Então, ele avistou algo inusitado. Um homem de cabelos verdes. Ele nunca havia visto isso em toda sua vida, embora soubesse que hoje em dia havia se tornado relativamente comum ver jovens com os cabelos das cores mais inusitadas. Mas, com certeza a combinação de uma cor tão excêntrica com a roupa formal que o homem estava usando era estranha. Até então, estava tudo relativamente normal. Porém, ele viu o homem passar de novo. E de novo. E novamente. Será que aquele homem estava perdido? Não podia ser. Era bom demais para ser verdade. Pensou até que ele poderia estar procurando uma loja específica ou algo do gênero, mas depois de algumas vezes ficou claro que ele estava apenas andando em círculos eternamente.
Era um shopping ridiculamente minúsculo, como diabos alguém se perderia?
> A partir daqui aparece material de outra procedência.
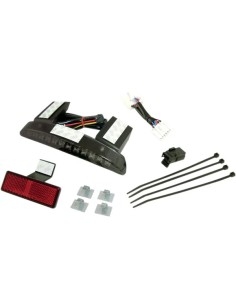 LED-Standlicht- und Bremslicht-Einheit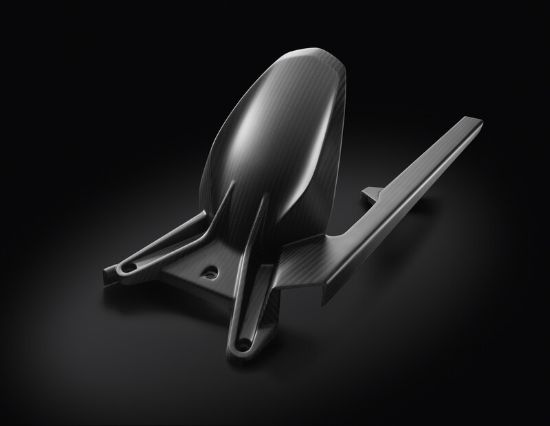 Picture of Splash protection, carbon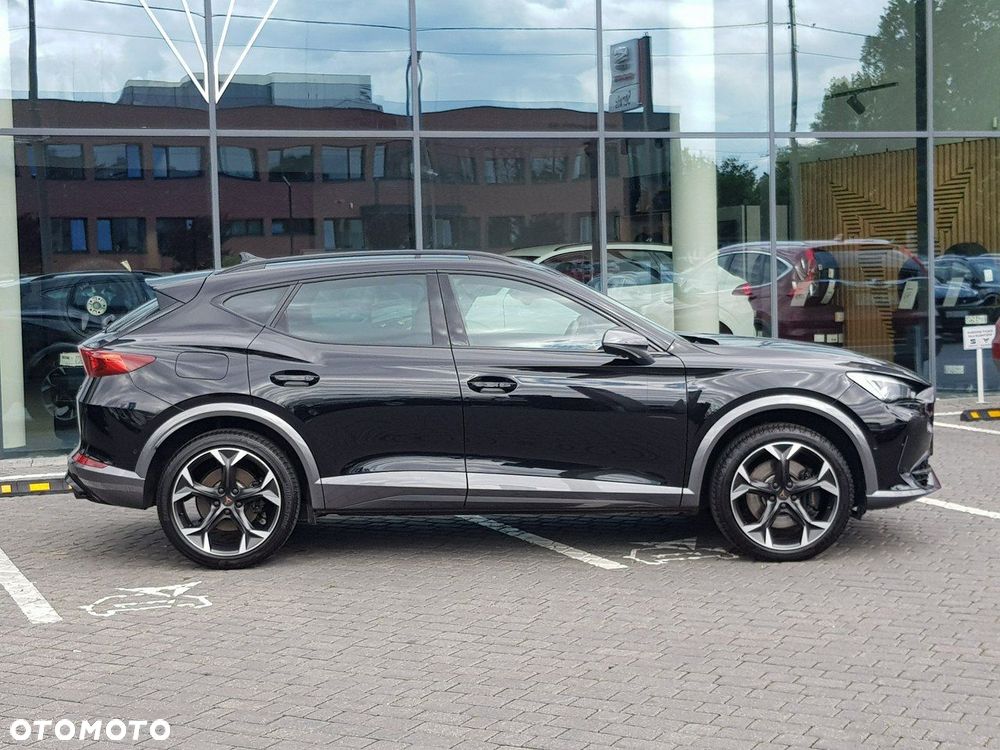 Cupra Formentor VZ 2.0 TSI 4Drive DSG - 9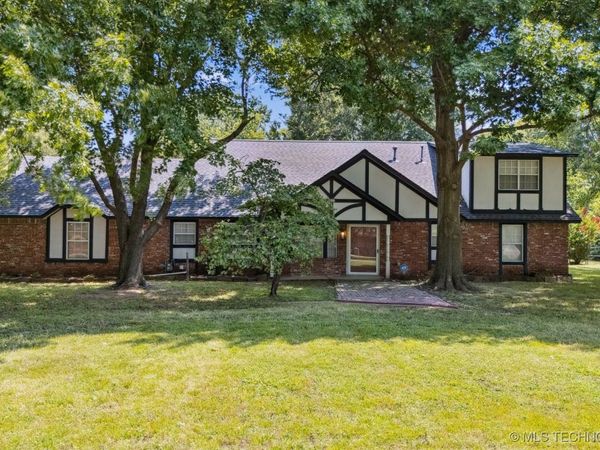 6611 S 234th East Avenue, Broken Arrow, OK 74014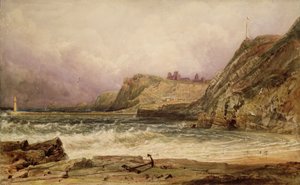 Whitby da Peter de Wint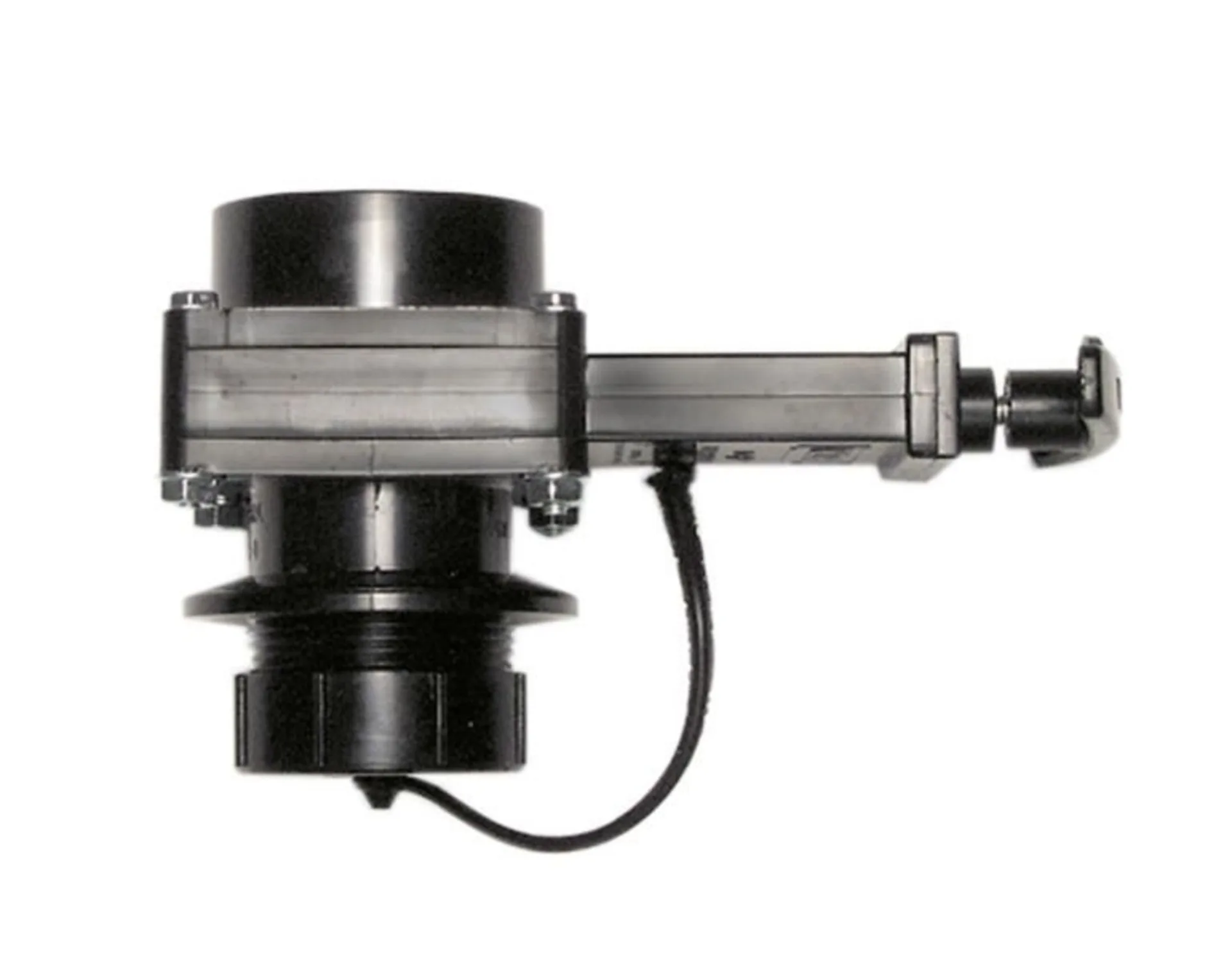 Abwasserschieber 38mm lo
Até a senhora de seus 90 anos que havia passado mais cedo saberia se movimentar facilmente por ali. E ele até mesmo havia perguntado algo ao guarda, mais de uma vez, com certeza a direção de onde queria ir. Será que ele tinha uma visão horrível? Ou será que todo aquele musgo havia afetado o cérebro dele de alguma forma? De qualquer maneira, era hilário. E fazia maravilhas em relação ao tédio de Sanji. Aguardava ansioso olhando para o andar de baixo, esperando o pontinho fosforescente aparecer, e sequer estava vendo o tempo passar. Estava longe, mas se espremesse seus olhos um pouquinho poderia jurar que conseguia ver a cara de idiota do retardado.
Sanji começou a desviar o foco apenas para a criatura verde, esquecendo-se de contar nas vezes em que o guarda passou e até mesmo esquecendo de observar as mellorines. E, por algum motivo, apenas encarar não parecia o bastante. Sanji sentia um desejo ancestral, instinto, uma vontade irracional de provocar o idiota. Como cutucar um tigre muito bravo e retardado. Hilário. Se ele não acabasse com dentes em sua garganta...se bem que esse resultado também não parecia tão mau assim.
Então, atendendo a seus desejos, ele pegou um guardanapo da mesa e amassou. O papel, como esperado, não se tornou uma bolinha perfeita, e com certeza não teria a aerodinâmica desejada. Então, Sanji tirou do bolso do paletó seu bloquinho e arrancou uma folha do bloco. Desta vez, o papel se tornou de fato uma bolinha, e ele esperou o imbecil passar de novo. Estava se sentindo uma criança de cinco anos. Uma criança de cinco anos competindo com outra criança de cinco anos. Não se reconhecia. Estava numa posição absolutamente infantil. E pior, ainda iria ser mal-educado e sujar o shopping com bolinhas de papel. Ele abaixou o braço que estava mirando e suspirou. Porém, quase como se fosse ensaiado, a briófita surgiu novamente. E seus instintos mandaram se calar o cavalheiro que havia dentro de si, dando lugar ao temperamental boca suja que existia ali dentro. Ele então mirou e atirou a bola com precisão olímpica.
Acertou o alvo esverdeado que parou imediatamente, confuso. Sanji pensou em se esconder, e seu lado cavalheiro já estava morrendo de vergonha de suas atitudes, mas seu lado infantil decidiu que seria muito mais divertido fazer a melhor cara de paisagem possível e continuar normalmente mexendo na xícara vazia, como se nada tivesse acontecido. O homem lá embaixo apenas olhou ao seu redor e deu de ombros. Isso apenas da primeira vez, claro. Na segunda, ele pegou a bolinha e abriu, seu rosto parecendo mais idiota ainda na visão distante de Sanji, e guardou o papel no bolso. Depois da décima (?), trigésima (?), centésima (?) bolinha guardada no bolso já cheio o cara pareceu começar a se irritar.